Philippe MURAY                              

                          

                SA VISION

  

"Je récapitulerai

Les catastrophes

Et je les chanterai

Strophe par strophe"

 


 
 Disparu en 2006, l'essayiste Philippe Muray est plus présent que jamais. Avec Fabrice Luchini, qui lit ses textes au théâtre, ou dans Essais, le volume de ses oeuvres.
  

      Florilège de ses flèches assassines.

 
   Angot (Christine) " Dans la post-littérature contemporaine, elle occupe avec énergie la place toujours vide et toujours respectée des handicapés sur les parkings d'autoroutes ou de supermarchés. "

   Arte " Par où agripper toutes ces vieilles choses lentes et grises, ces documentaires de patronage, ces soirées diapos, toute cette poudre aux yeux de fausse créativité, tout ce pénible moulin à prières et à contre-emploi, toutes ces litanies franco-protestantes ou mormones, à longueur de soirées, la bien-pensance culturelle la plus confite en dévotions ? "
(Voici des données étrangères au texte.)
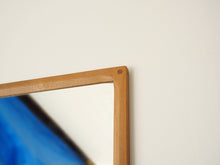 画像をギャラリービューアに読み込む, Kai Kristiansen（カイ・クリスチャンセン) オーク材の全身鏡の右上角
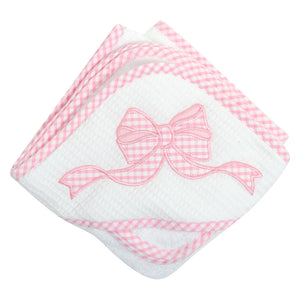 Bow Boxed Hooded Towel And Wash Cloth Set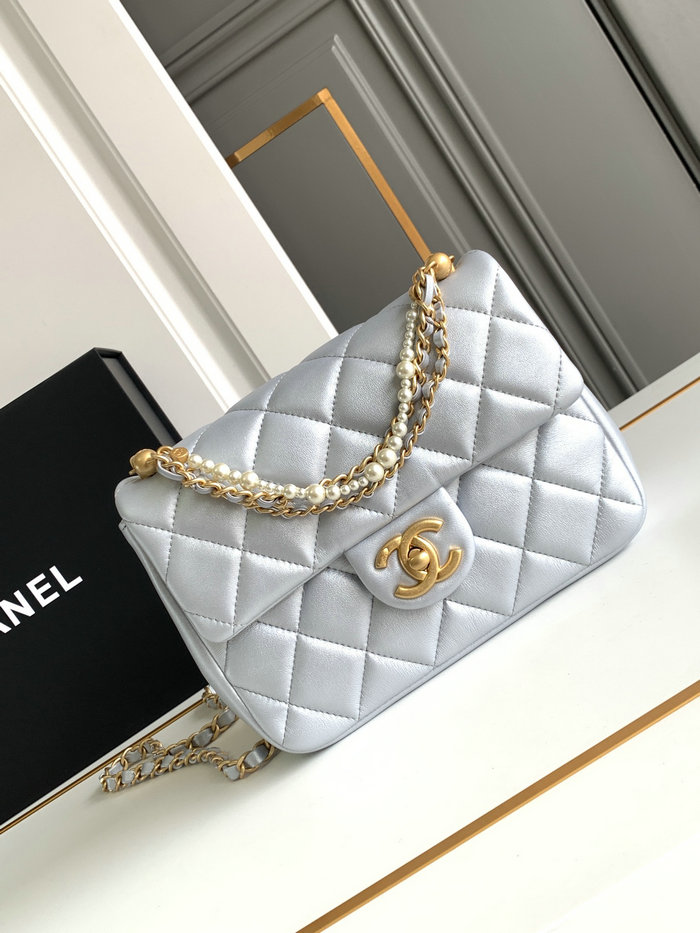 Chanel Mini Flap Bag Blue AS4384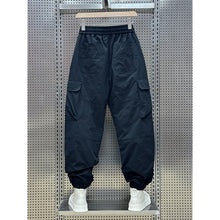 Load image into Gallery viewer, Multi-pocket Quick-dry Cargo Joggers with Drawstring Cuffs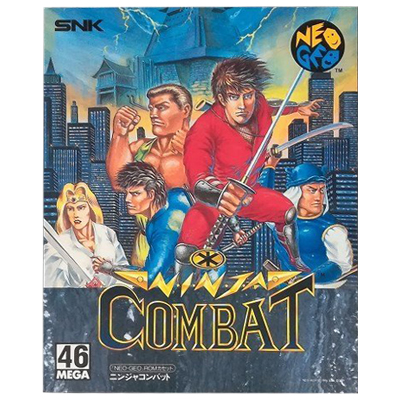 ニンジャコンバット 紙パッケージ版 ネオジオ ROMカセット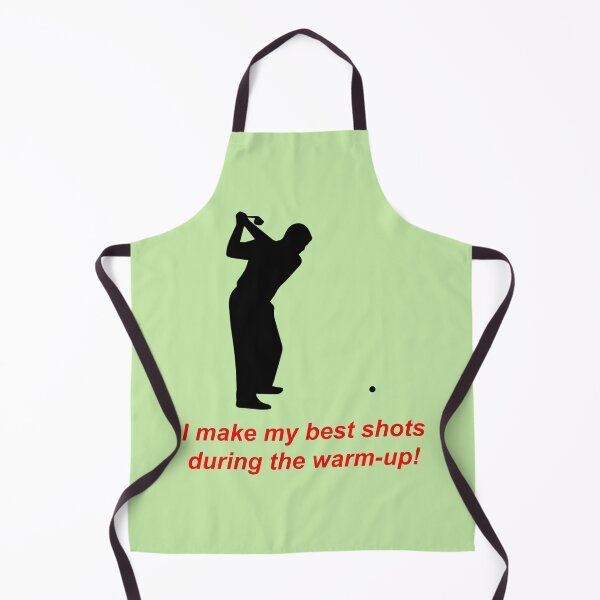 Item preview, Male Golfer: "I make my best shots during the warm-up!" designed and sold by SomeGuyLou.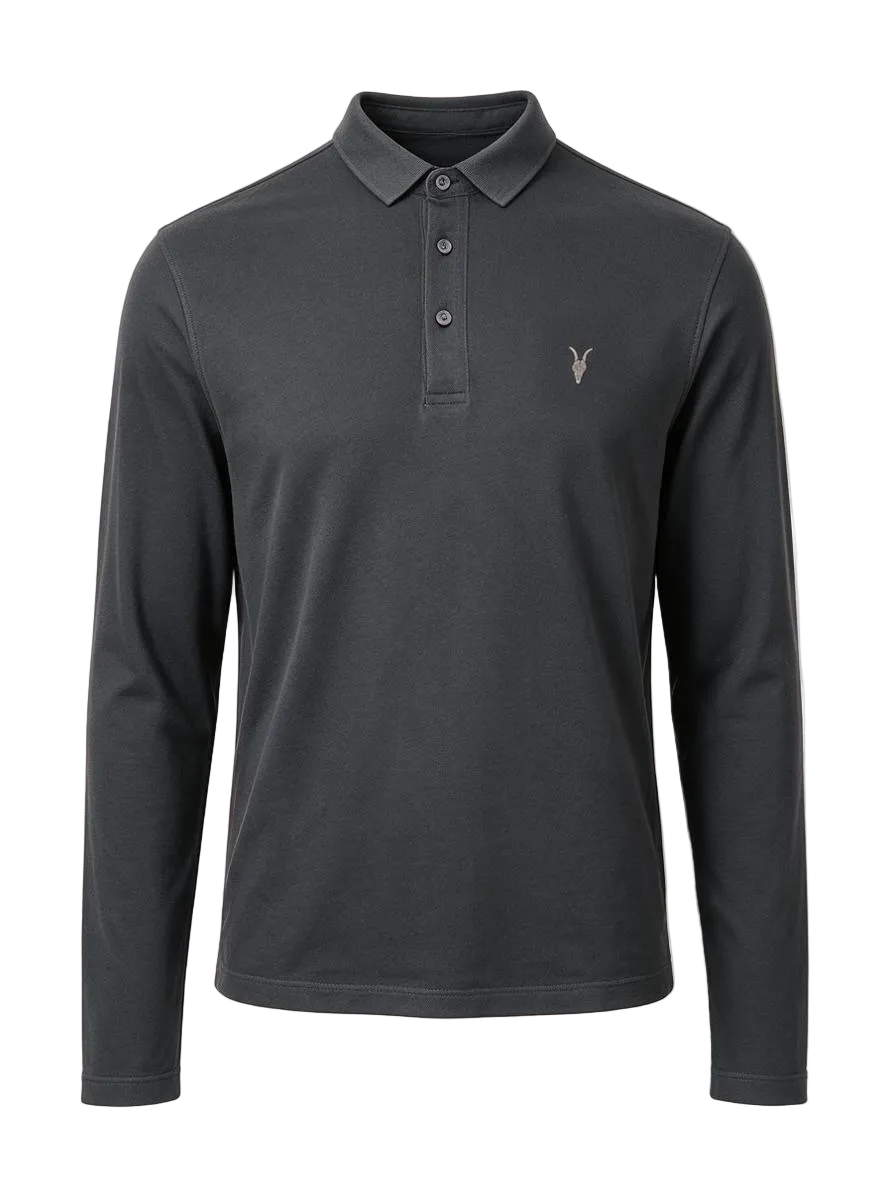 Reform LS Polo Shirt Black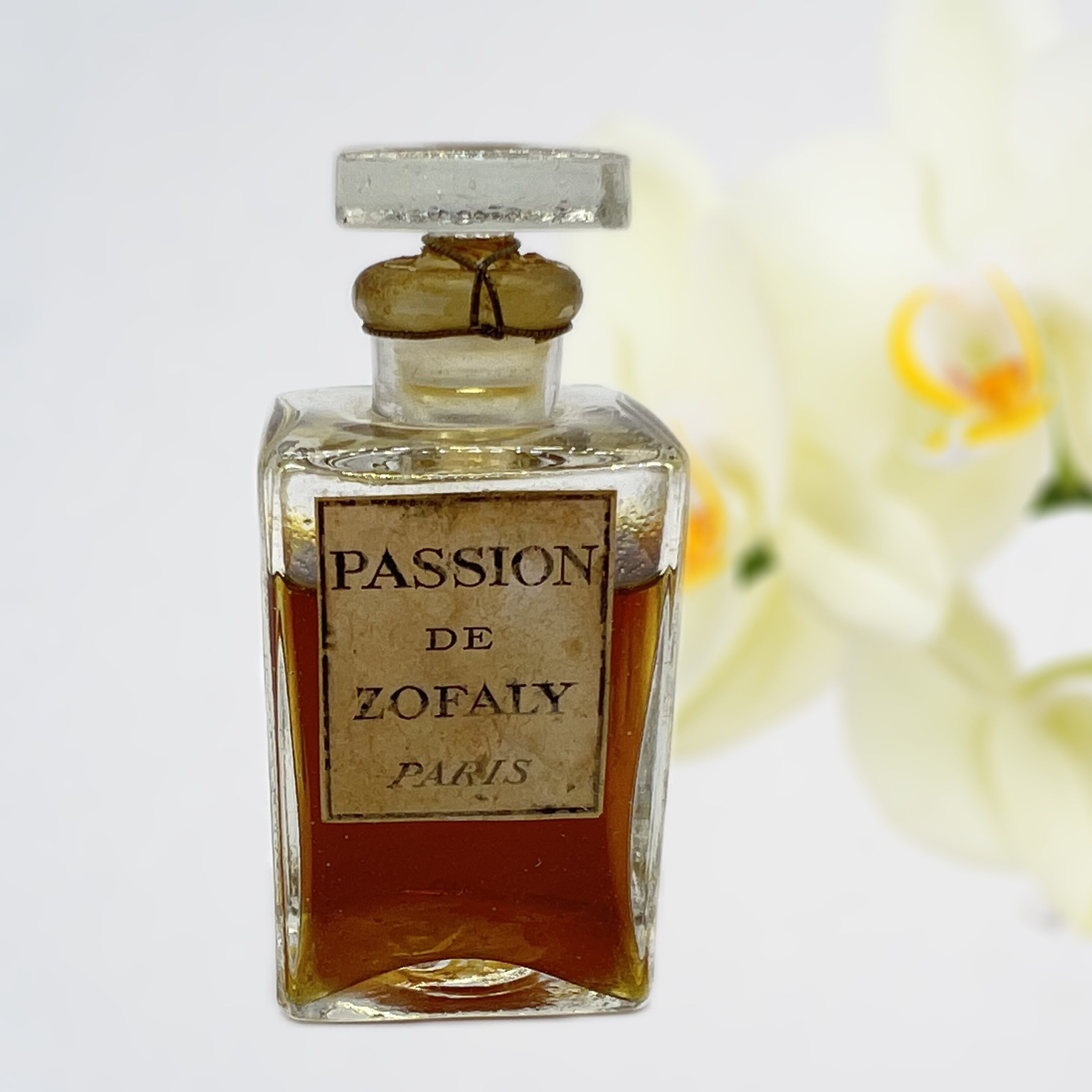 Vintage Zofaly Passion 1945 Extrait 30ml Rare French Perfume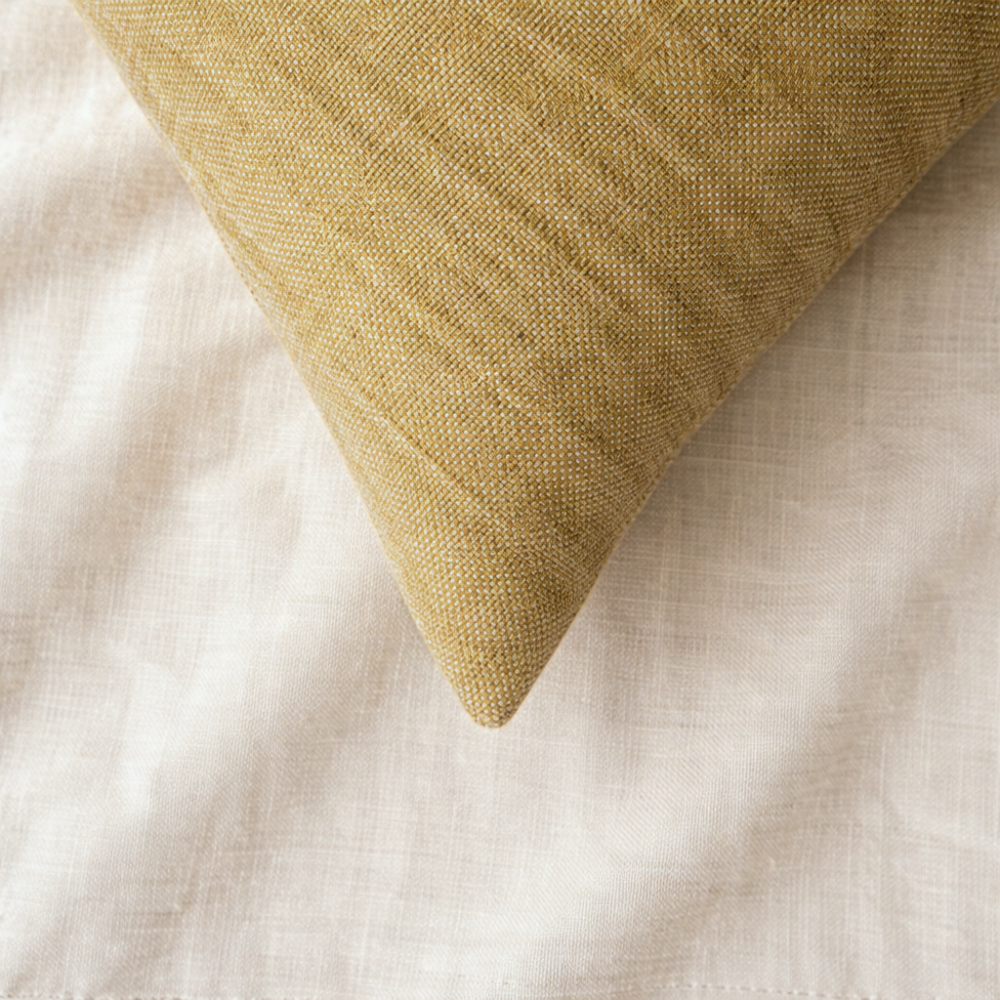 Coriander Linen Lumbar Pillow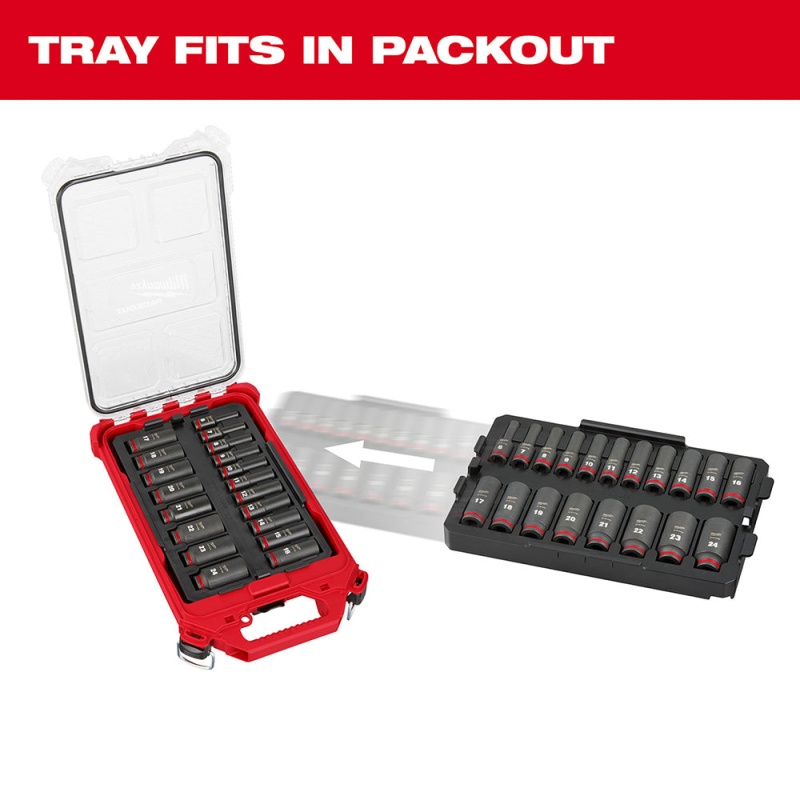 Milwaukee 49-66-6816 SHOCKWAVE 3/8?? Impact Duty Socket MM TRAY Set - 19 PC - Image 9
   Céline (Louis-Ferdinand) " Les écrivains tombaient comme des mouches, remplacés par les " auteurs ", ces espèces de techniciens de surface du supplément d'âme préfabriqué [...]. Avec Céline, l'outrage avait commencé à devenir récit. L'offense conduisait le bal. La complexité de l'humanité se réorganisait dans la trame radieuse d'une tapisserie d'injures. On pouvait le continuer, les motifs ne manquaient pas. Ils manquent moins que jamais aujourd'hui. "

  Chateaubriand (François-René) " [Dans les Mémoires d'outre-tombe], Chateaubriand fait sans arrêt semblant d'être mort pour mieux planer, par anticipation, au-dessus des vivants qui vont venir après lui, et éventuellement le lire en l'aimant, en le détestant, peu importe, ce qui compte, c'est qu'on ait la trace, là, qu'on ait la preuve que quelqu'un a joui de ce qui n'est plus, de ce qu'il a vu ne plus être et qu'il l'a écrit, en disant que lui-même n'était plus, et que tout cela fasse, autour de ses dépouilles anticipées, un ensemble littéraire aussi prodigieusement vivant qu'amusant. "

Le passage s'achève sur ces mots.